Edit

Share via


Testing approach for Azure landing zones

Note

This article only applies to Microsoft Azure and not to any other Microsoft Cloud offerings such as Microsoft 365 or Microsoft Dynamics 365.

Some organizations might want to test their Azure landing zones platform deployment's Azure Policy definitions and assignments, role-based access control (RBAC) custom roles and assignments, and so on. The tests can be completed via automation by using Azure Resource Manager templates (ARM templates), Terraform, Bicep, or manually via the Azure portal. This guidance provides an approach that can be used to test changes and their impact on an Azure landing zones platform deployment.

This article can also be used with the Platform automation and DevOps critical design area guidance as it relates to the PlatformOps and Central functions teams and tasks. Furthermore, it can be combined with the guidance in Adopt policy-driven guardrails for techniques on rolling out policy changes to an Azure landing zones deployment.

This guidance is most suited to organizations with robust change management processes governing changes to the production management group hierarchy.

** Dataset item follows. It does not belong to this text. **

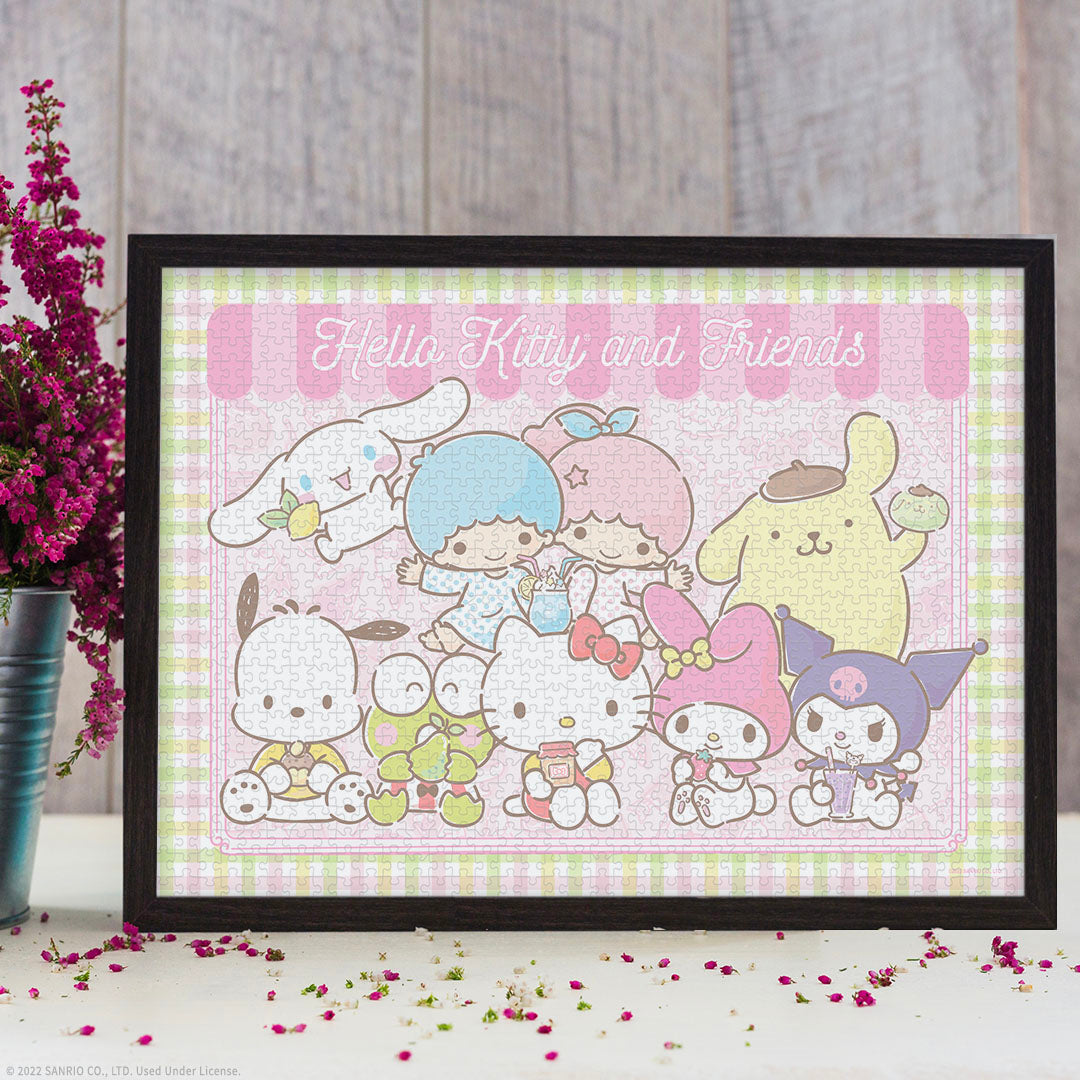 Hello Kitty® and Friends "My Favorite Flavor" 1000 Piece Puzzle - Đồ Chơi Xếp Hình - The Op Games - Hình ảnh bổ sung 4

The canary management group hierarchy can be independently used to author and test deployments before you deploy them into the production environment.

Note

The term canary is used to avoid confusion with development environments or test environments. This name is used for illustration purposes only. You might define any name you deem as appropriate for your canary Azure landing zones environment.

Similarly, the term production environment/hierarchy is used throughout this guidance to refer to the Azure landing zones management group hierarchy your organization might have in place that contains the Azure subscriptions and resources for your workloads.

Platform definition

Important

This guidance isn't for development environments or test environments that will be used by application or service owners known as landing zones, workloads, applications, or services. These are placed and handled within the production environment Azure landing zones management group hierarchy and associated governance (RBAC and Azure Policy).

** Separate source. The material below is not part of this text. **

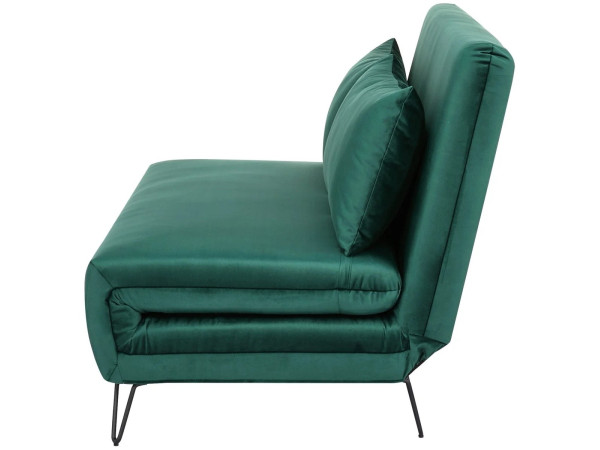 Софа ZENIA VELVET зелена/чорний TAP.189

For guidance on development, testing, user acceptance testing (UAT), and production environments for application workloads and teams see Manage application development environments in Azure landing zones.

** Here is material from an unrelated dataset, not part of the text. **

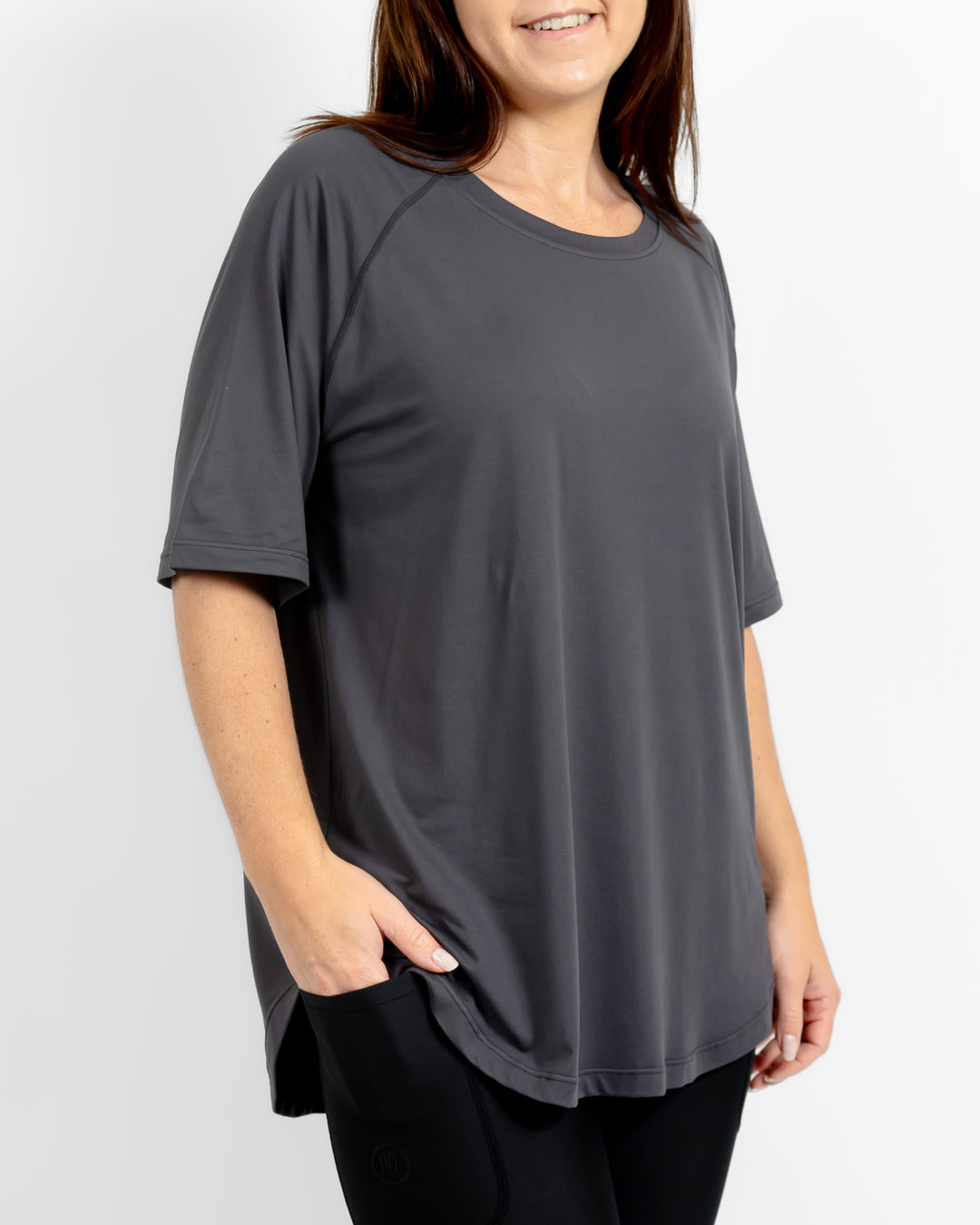 Mira Relaxed Deep Grey T-Shirt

This guidance is only for platform level testing and changes in the context of Azure landing zones.

Azure landing zones help you design and deploy the required Azure platform components to enable you to construct and operationalize landing zones at scale.

The platform resources in scope for this article and this testing approach are:

Product or service Resource provider and type
Management groups Microsoft.Management/managementGroups
Management groups subscription association Microsoft.Management/managementGroups/subscriptions
Policy definitions Microsoft.Authorization/policyDefinitions
Policy initiative definitions or policy set definitions Microsoft.Authorization/policySetDefinitions
Policy assignments Microsoft.Authorization/policyAssignments
RBAC role definitions Microsoft.Authorization/roleDefinitions
RBAC role assignments Microsoft.Authorization/roleAssignments
Subscriptions Microsoft.Subscription/aliases

Example scenarios and outcomes

An example of this scenario is an organization that wants to test the impact and result of a new Azure Policy to govern resources and settings in all landing zones, as per the Policy-driven governance design principle. They don't want to make this change directly to the production environment as they're concerned about the impact it might have.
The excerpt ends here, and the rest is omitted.